[What you need to do] Quote word for word from the line holding "K RAINFOREST SUM" to the last line below, including both, and omit any pictures.

[Data provided]
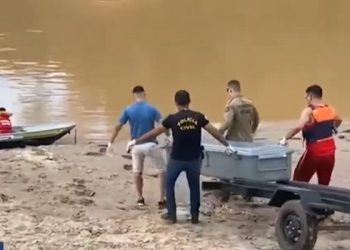 Cadáver é encontrado às margens do Rio Acre em Brasiléia; vítima ainda não foi identificada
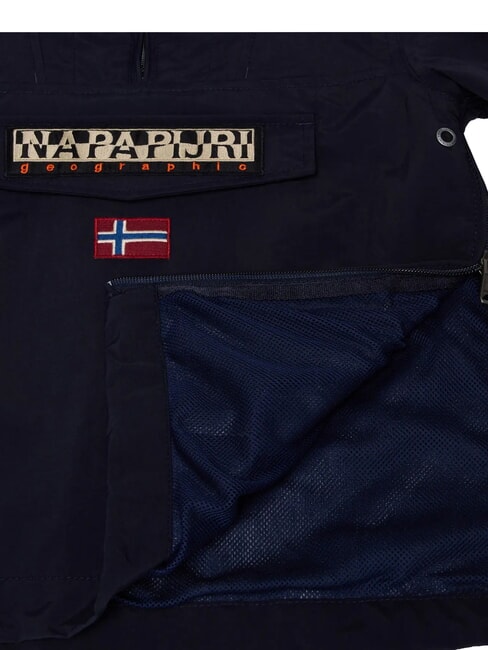 K RAINFOREST SUM 4 Windjacke mit Kapuze und Vordertasche blu marine - Kinder Jacken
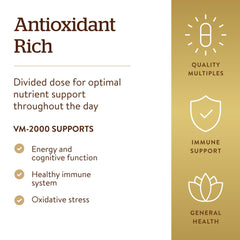 Antioxidant vitamins C and E imagery for VM-2000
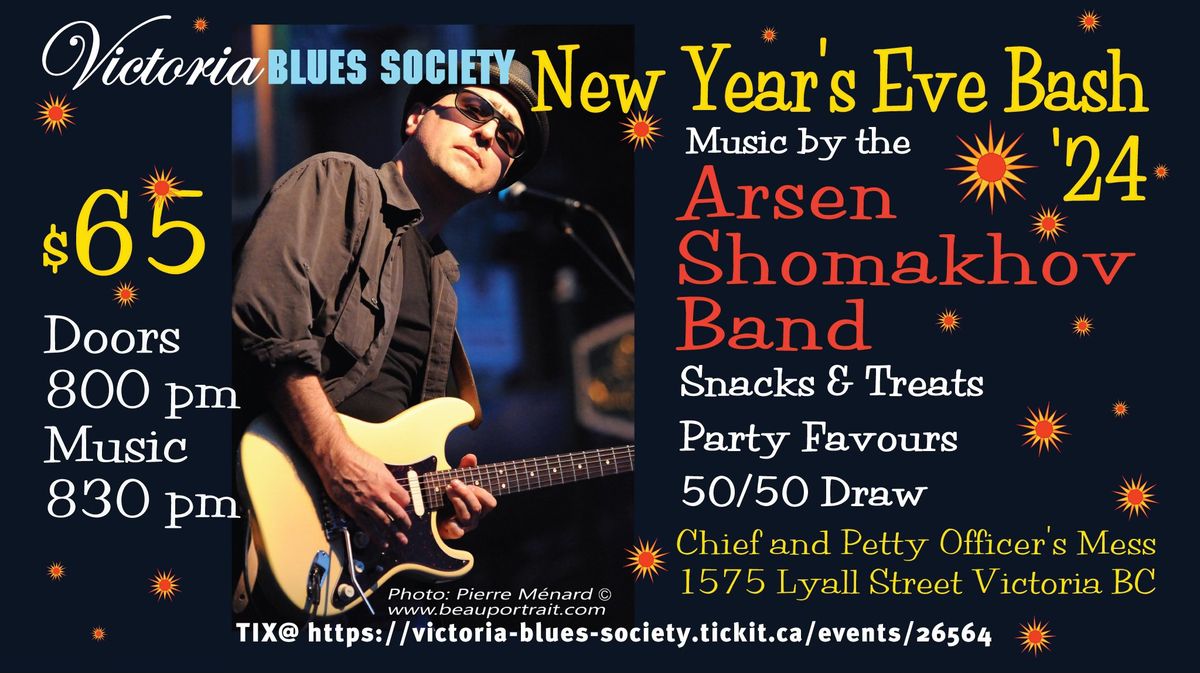 New Year's Eve with Arsen Shomakhov Band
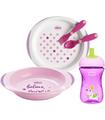 Set de Comida Rosa 12M
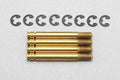 YD-4/YD-2 Titanium Coating Shock Shaft SLF Bigbore Shock - Y4-S5TA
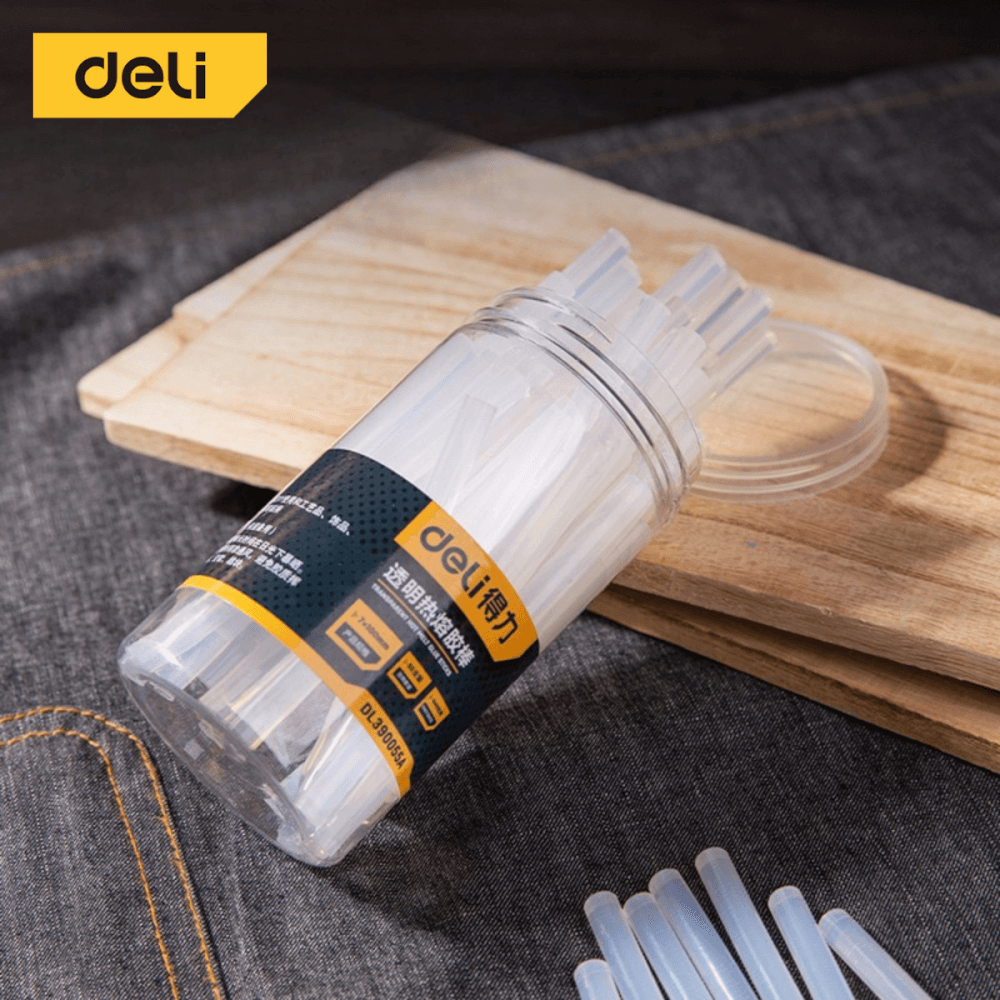กาวแท่ง DELI DL390055A-WH-01 ขนาด 7มม. 55แท่ง_1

[Result]
 K RAINFOREST SUM 4 Windjacke mit Kapuze und Vordertasche blu marine - Kinder Jacken
 Antioxidant vitamins C and E imagery for VM-2000
 New Year's Eve with Arsen Shomakhov Band
 Set de Comida Rosa 12M
 YD-4/YD-2 Titanium Coating Shock Shaft SLF Bigbore Shock - Y4-S5TA
กาวแท่ง DELI DL390055A-WH-01 ขนาด 7มม. 55แท่ง_1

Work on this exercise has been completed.